My learning experience went like this.
I have a 50 yard home range which made testing convenient for the handi hornet. When I switched the pallet wood stock out for the laminate, I lost accuracy. Turns out the lock up was different as the forearms were slightly different lengths. After I cut down the laminate forearm slightly, the lock up was then to loose.
Through trial and error accuracy testing while shimming the fore end shoe with aluminum I found the sweet spot.
I then epoxy bedded the shoe & shims to the forearm like so.

This more than anything improved accuracy.
From there having both pressure points and free floating on my other fore arm. I elected to dowel sand to the lug and O ring the fore arm for free float. I had some very good groups with pressure points but P.O.I. shifts with humidity,heat,etc. I hunt varmints from shooting sticks and predictable first shot POI is a must. I now have that.

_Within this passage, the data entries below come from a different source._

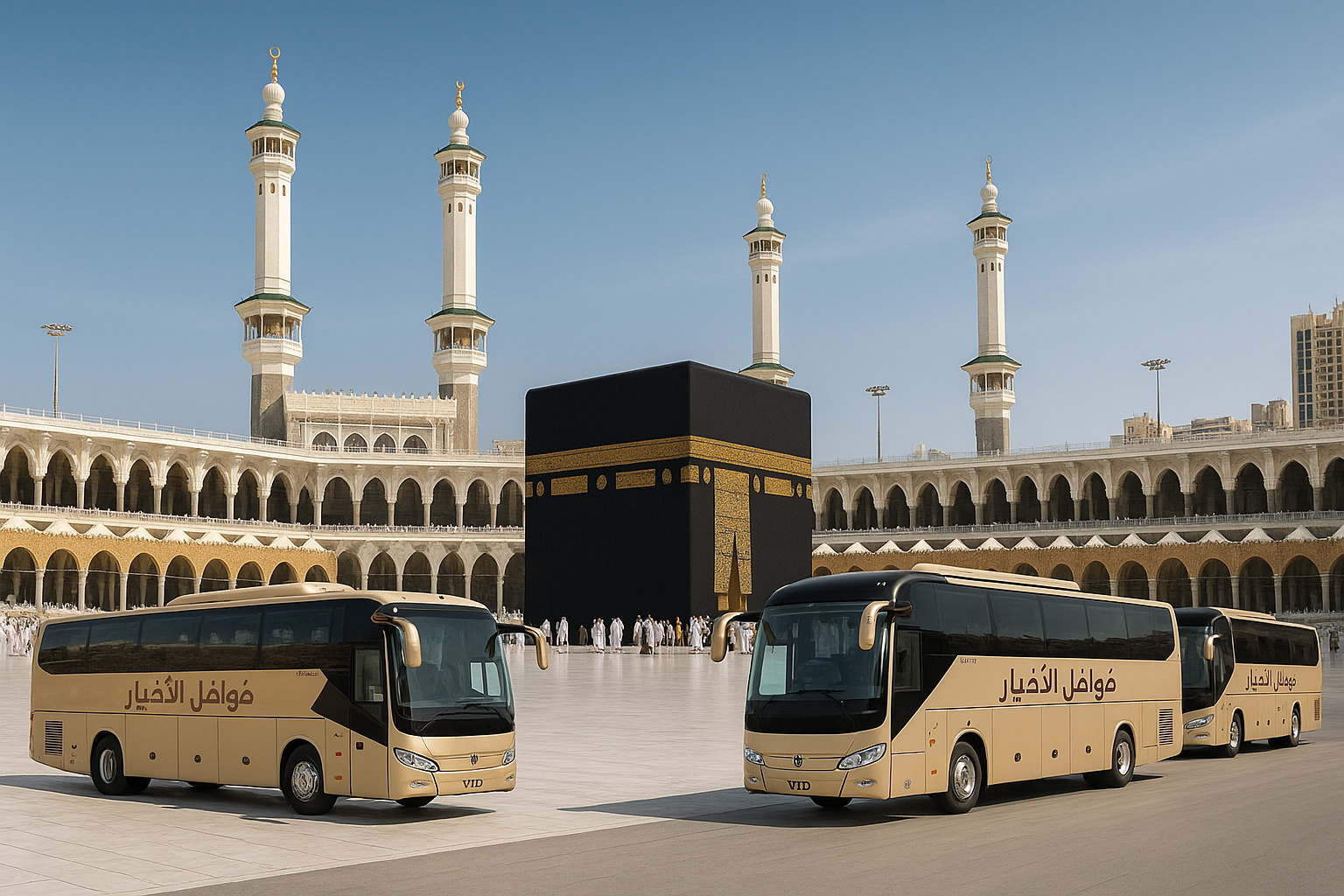 مشهد للحرم المكي والنقل الفاخر
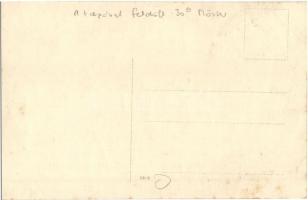 Első világháborús osztrák-magyar katonák talpával feldőlt ágyú mellett / WWI K.u.K. military, soldie...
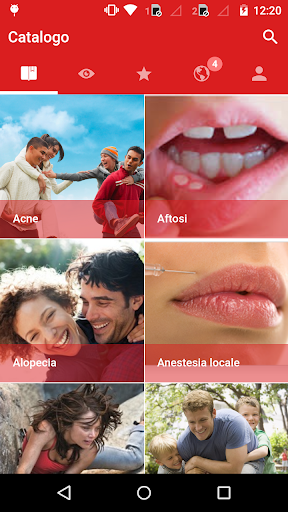 Android application Formule galeniche screenshort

The above really made it a nice consistent shooter. BTW- I have absolutely zero horizontal/side to side barrel play at the end of the fore arm by hand.
After reloading I shoot 5 rounds at 50 yards for testing. This is what it does on
average. Bags front and rear, 12x, un-modified trigger, no fouler shots. Occasionally for kicks I have shot 10 shot groups and it will put 10 in the .5s at 50. I have learned to do all my Hornet testing at 50 yards. From there I paper punch 100 & 200 yards along with hunting of course.

I am sure there are many things that may work, some more complicated than others. Just showing what worked for me.